The average family is going to take on debts this Christmas that will take until June to pay off, it has been claimed.
The Trades Union Congress has carried out research that shows that the typical family will add £685 to its borrowing by the time the festive season is over.
That will take a family on an average income 24 weeks to pay off, the labour organisation claims.
Last Christmas, one in six families borrowed money to pay for food, drinks and presents, with households borrowing an average of £654 per adult (Men £1,000, women £547).
Using average weekly earnings and savings data the TUC estimated that it took average-income earners 20 weeks to pay off this debt.
This year, consumer debt has increased by 4.9 per cent.
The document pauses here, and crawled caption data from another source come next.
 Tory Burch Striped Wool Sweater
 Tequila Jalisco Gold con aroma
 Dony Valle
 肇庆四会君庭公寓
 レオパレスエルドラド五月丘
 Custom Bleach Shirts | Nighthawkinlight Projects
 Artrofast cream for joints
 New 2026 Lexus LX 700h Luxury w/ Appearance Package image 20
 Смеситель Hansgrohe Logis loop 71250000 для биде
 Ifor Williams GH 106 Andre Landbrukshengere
The TUC's calculations estimate that it will take four more weeks for an average-income earner to pay back the extra debt burden they will take on.
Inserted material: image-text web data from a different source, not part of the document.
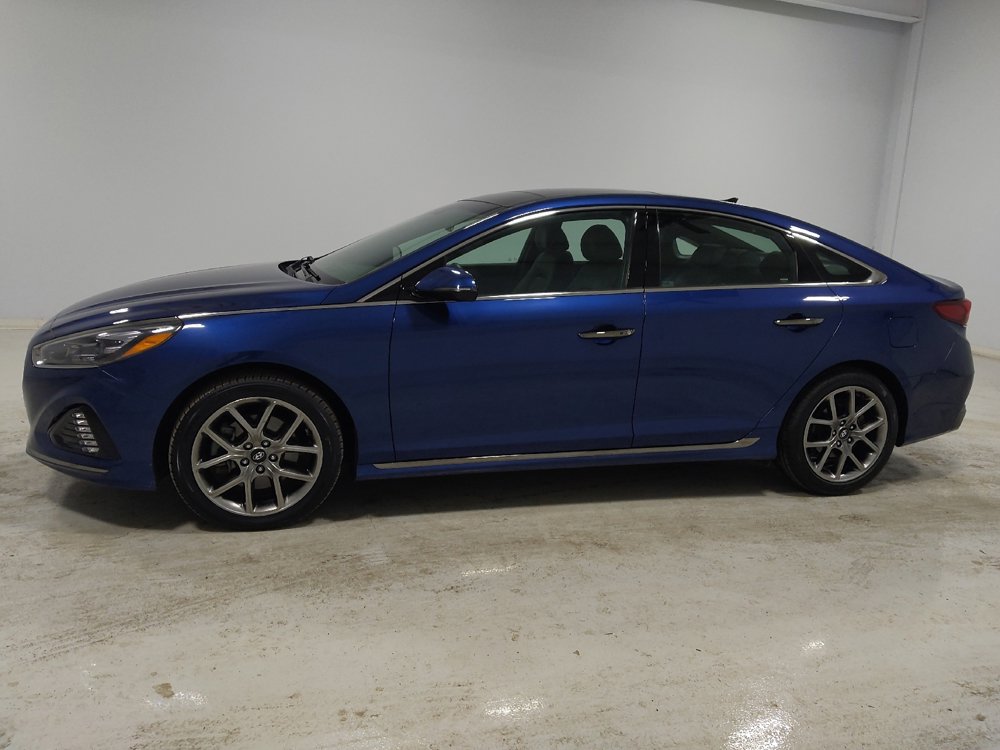 Used 2018 Hyundai Sonata Limited image 2
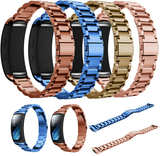 Samsung Gear Fit2 Stainless Steel Band Strap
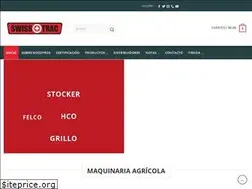 Sites similar to swisstrac.com.mx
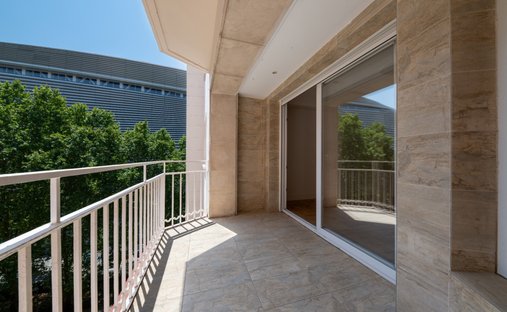 Wohnung in Chamartín, Madrid, Spanien 1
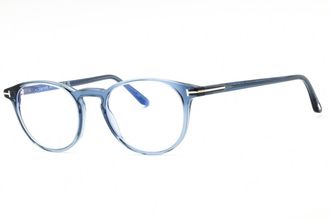 Tom Ford FT5803-B 090 Shiny Blue 49mm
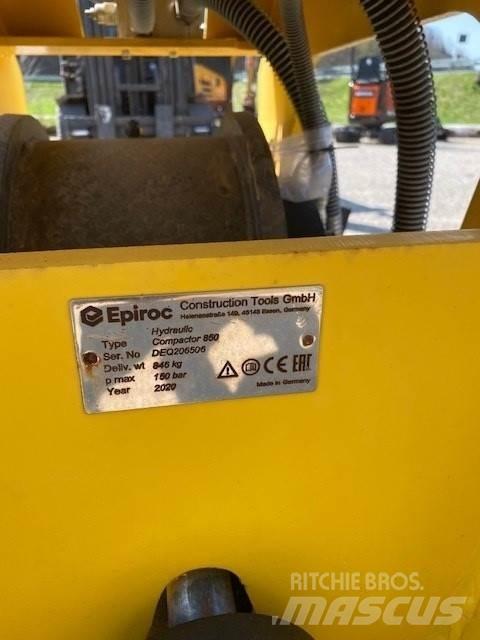 ABB HC850 其他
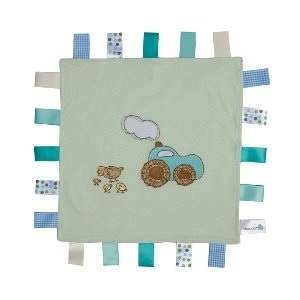 Schlummersack Schilder Schmusetuch Trakt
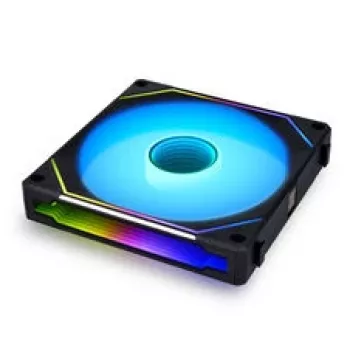 Lian Li UNI FAN SL-INF Wireless ARGB PWM 140mm case fan, black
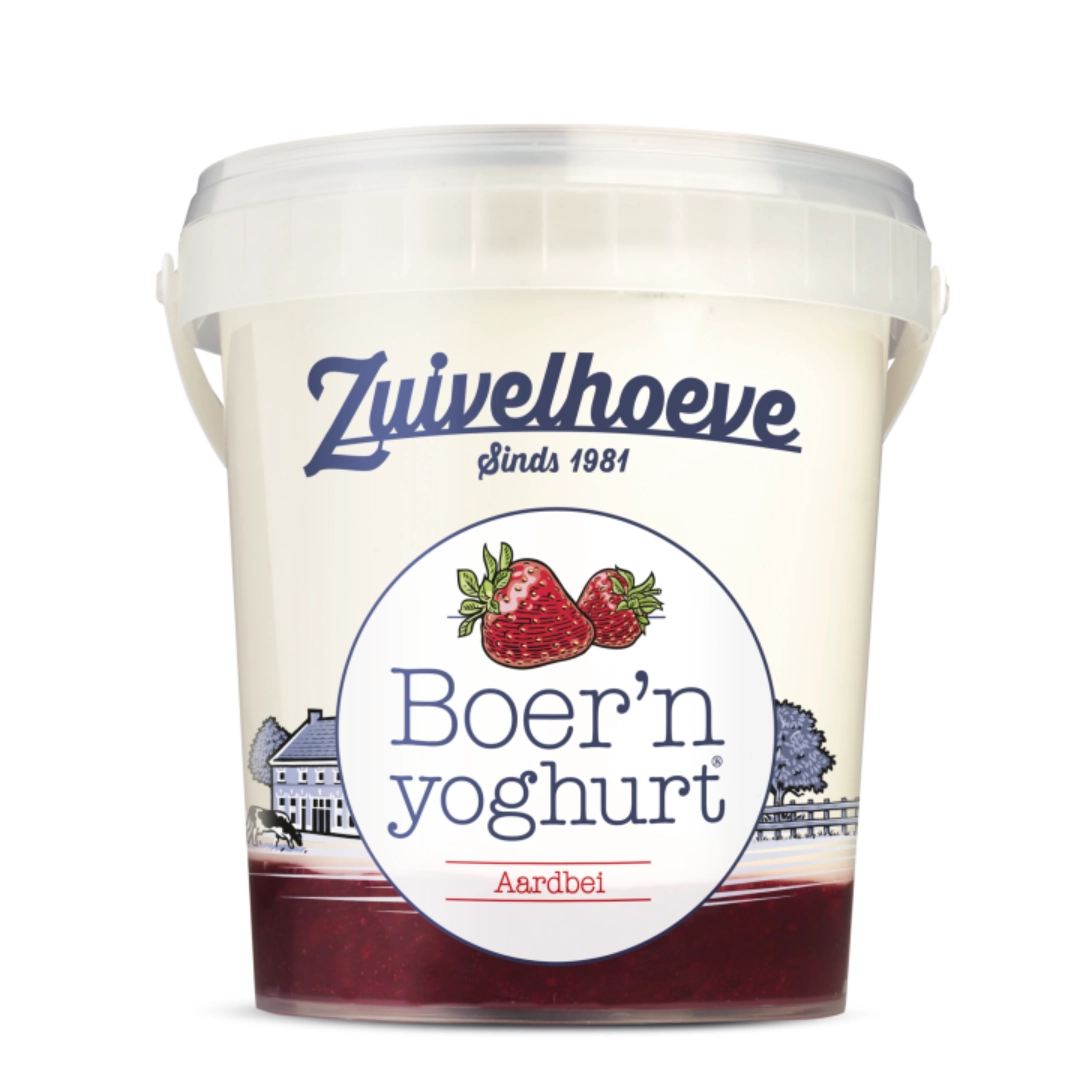 Boer'n Yoghurt® Erdbeere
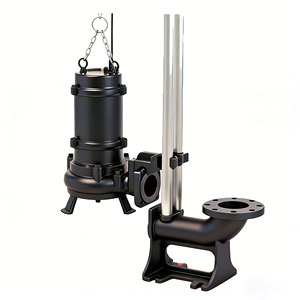 Bomba Sumergible Kawamoto Qnh de Acero Inoxidable 316, Bomba Centrífuga para Extracción de Agua de Pozos Profundos - Product Image 4
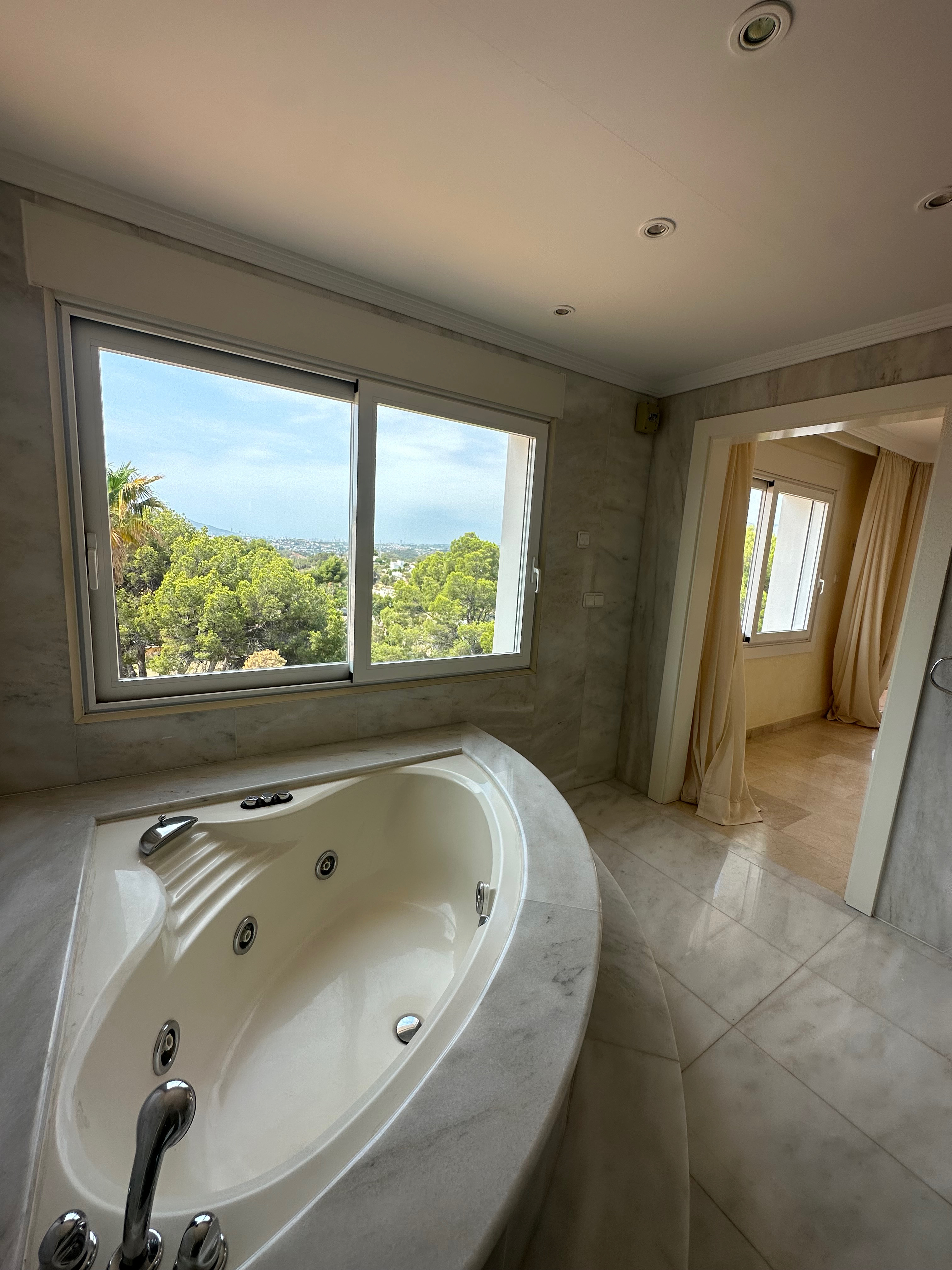 Villa en Espagne accès direct au golf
If a minimum wage worker were to borrow the same sum it would take them an entire year working full-time to pay it off.
The TUC says the findings underline how ordinary people are not benefiting from the recovery and are instead facing a bigger struggle to pay off their debts.
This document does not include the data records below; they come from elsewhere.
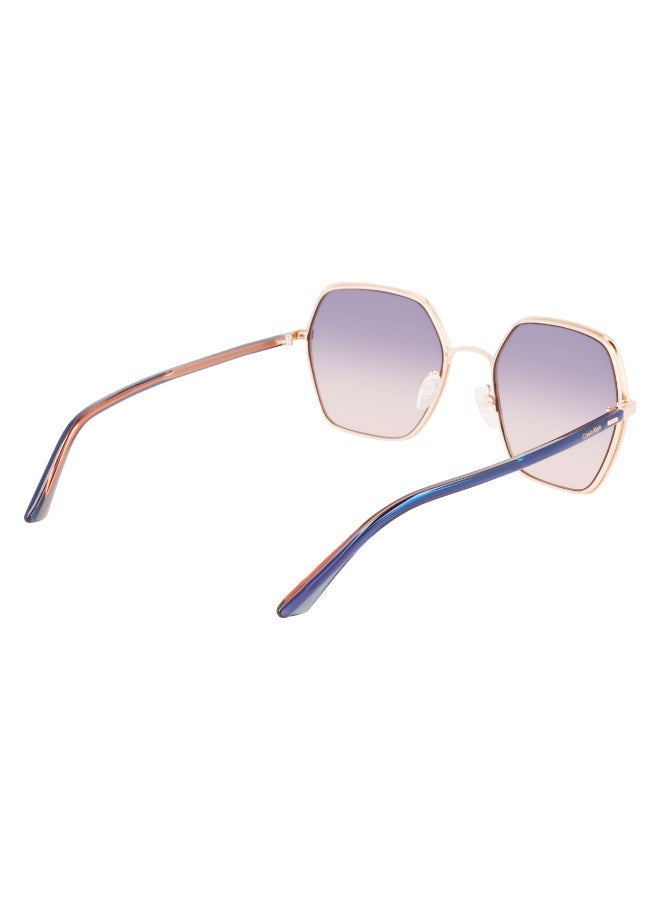 CALVIN KLEIN FULL RIM METAL CALVIN KLEIN SUN CK21131SN - Image 5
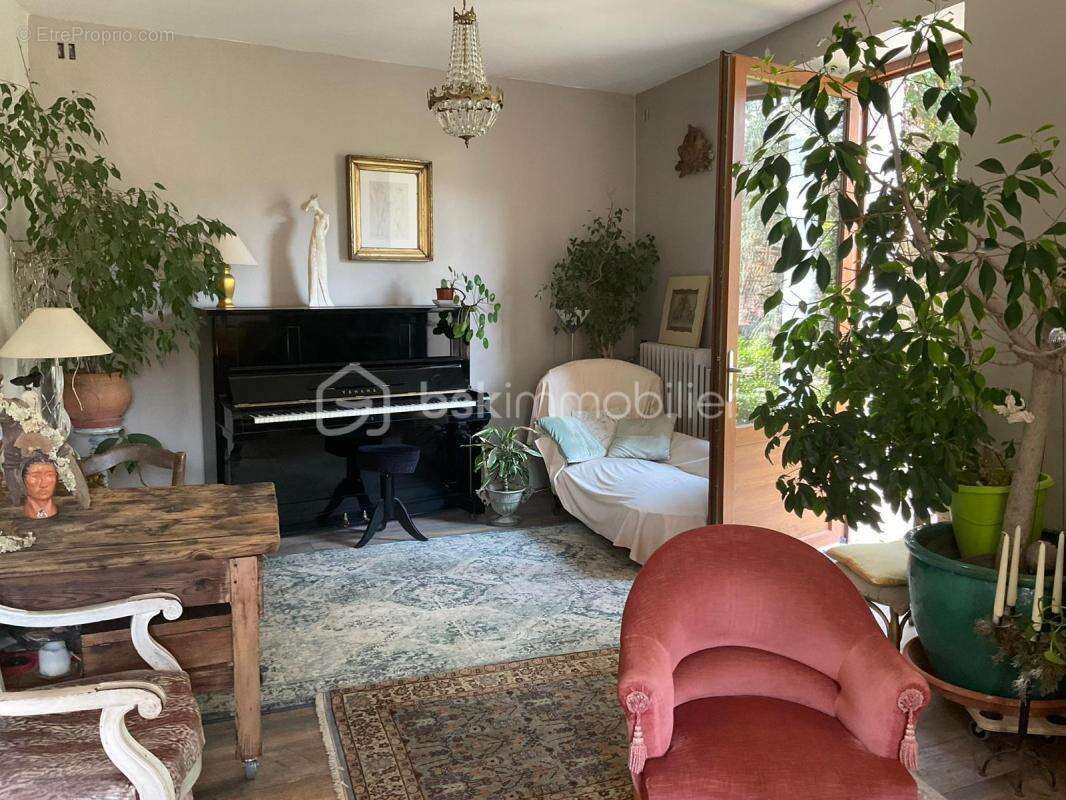  Superbe demeure de caractère 4 chambres, avec jardin, jacuzzi et dépendances – cadre paisible à 7km de Lamalou-les-Bains - photo 2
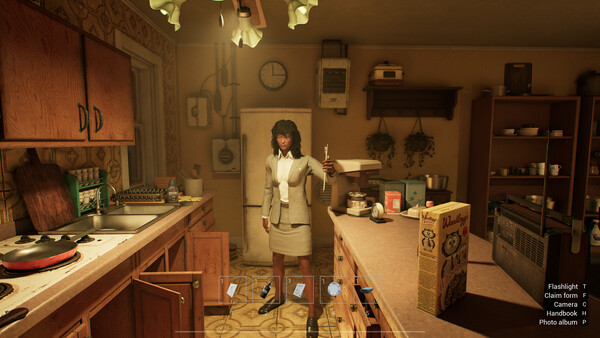 Mutual Occult Insurance screenshot 3
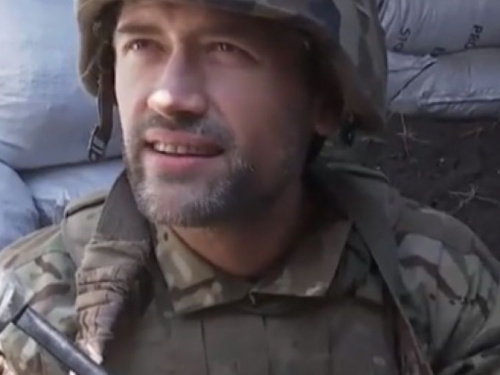 В полиции Мариуполя оказался известный российский актер, воевавший в Украине (ФОТО)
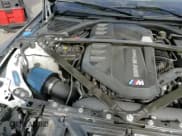 ✅ 2022 BMW M4 Competition xDrive • VIN: WBS43AZ0XNCK13134 • Лот: 81919185. Опубликован ранее на Copart с пробегом 9 588 миль. Бесплатный доступ к архиву аукционных продаж из США и подробный отчёт об истории автомобиля на DreamBid. Изображение 13.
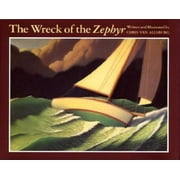 The Wreck of the Zephyr (Hardcover)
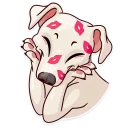 ☺️-Moar Dog Memes, Telegram Sticker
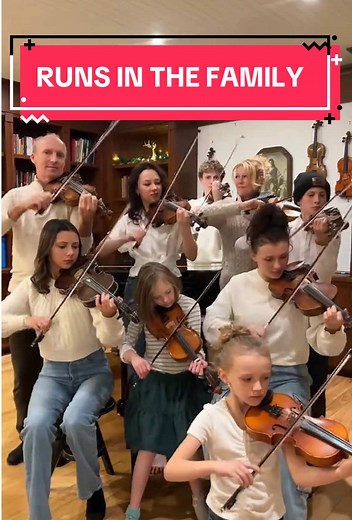 La música que corre en la familia con Lara Pulver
The study has emerged on the day when the Bank of England has warned of the scale of the debt burden weighing on British families.
According to the TUC, British workers are currently suffering the longest real-wage squeeze since the 1870s, with inflation rising faster than wages for the last 42 months.
It says the government needs to make fairer pay rewards a priority.
Nicola Smith, head of economic and social affairs at the TUC, told Sky News: "It's to do with the fact that is an expensive time of the year for everybody, and with wages hardly having kept up with prices for the last four years, with family incomes under historic pressure, just meeting the basic costs of Christmas is going to mean a lot more people having to rely on credit."
She said the problem was that most growth in the economy was being provided by consumption and because pay was not keeping up with prices, the extra money people had to spend on buying goods was coming from borrowing.
"People are having to borrow to make up the extra spending that is driving growth in the economy," she said. "It's really worrying that that does not provide us with a sustainable basis for a recovery going forward."